On December 21, the Guardian reported on the "Tookie Backlash" in Austria, where the death penalty is forbidden. It seems that Arnold Schwarzenegger's hometown of Graz took a dim view of Arnold's having allowed the Tookie Williams execution to proceed. So dim, in fact, that they threatened to change the name of the Arnold Schwarzenegger Stadium to the Tookie Williams Stadium, and some of the city leaders were working on getting Arnold's Austrian citizenship revoked.
Arnold not only gave them his permission to remove his name from the stadium, he went a step further. Steyn writes:
Writing to the mayor of his old town, Schwarzenegger noted that in the course of his gubernatorial term he'd have to make decisions on other death-row inmates, too - the next one comes up in January. So, wrote the governor, "in order to spare the responsible politicians of the city of Graz further concern, I withdraw from them as of this day the right to use my name in association with the Liebenauer Stadium... I expect the lettering to be removed by the end of 2005" - and, given that most European municipal workers are on vacation till the second week of January, that means the mayor may have had to sub-contract the job to any obliging Albanian Muslim refugees he could round up.
"The use of my name to advertise or promote the city of Graz in any way is no longer allowed," continued Arnold. "Graz will not have any problems in the future with my decisions as governor of California, because officially nothing connects us any more."
And just for good measure he returned the "Ring of Honor" he was given in 1999 for the "pride and recognition" he brought Graz.
The mayor of Graz obviously saw the tourist trade about to dry up before his eyes, so he asked Arnold to reconsider, but it was too late. The ring was already in the mail.
So, as CNN reported on December 26, the name on the stadium was changed under the cover of darkness. Not to the Tookie Williams Stadium, but to its original name, "Stadium Graz Liebenau."
Steyn again (emphasis added):
Schwarzenegger is no conservative, and has been a disappointing governor. But his letter is magnificent, and the pleasure it affords was only heightened by the hilarious Guardian headline to its report on the "controversy": "Schwarzenegger Faces 'Tookie' Backlash In Austria."
No, he doesn't.

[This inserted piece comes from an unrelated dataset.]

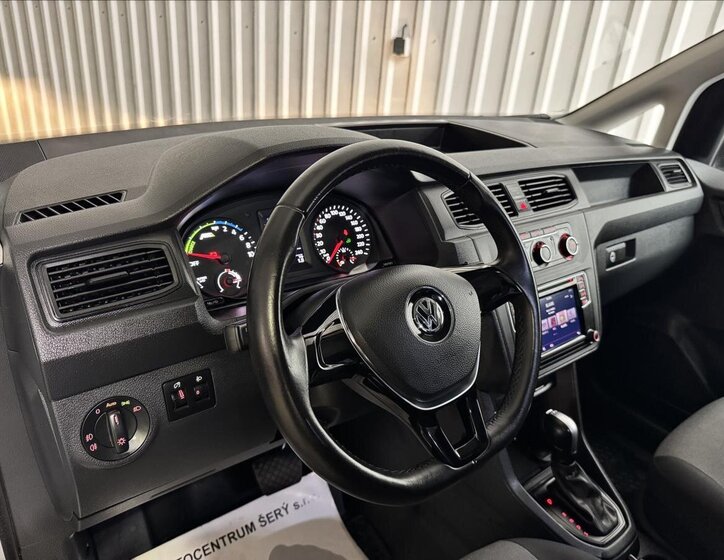 Volkswagen Caddy Ostatní 0,0 83 kw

With one typewritten sheet, he's ended the whole damn backlash, and usefully offered a good basic template for US-EU relations that recognizes the basic differences between the two: Americans have responsibilities, Europeans have attitudes. Indeed, the EU has attitudes in inverse proportion to its ability to act on them. It's able to strut and preen on the world stage secure in the knowledge that nobody expects it to do anything about anything.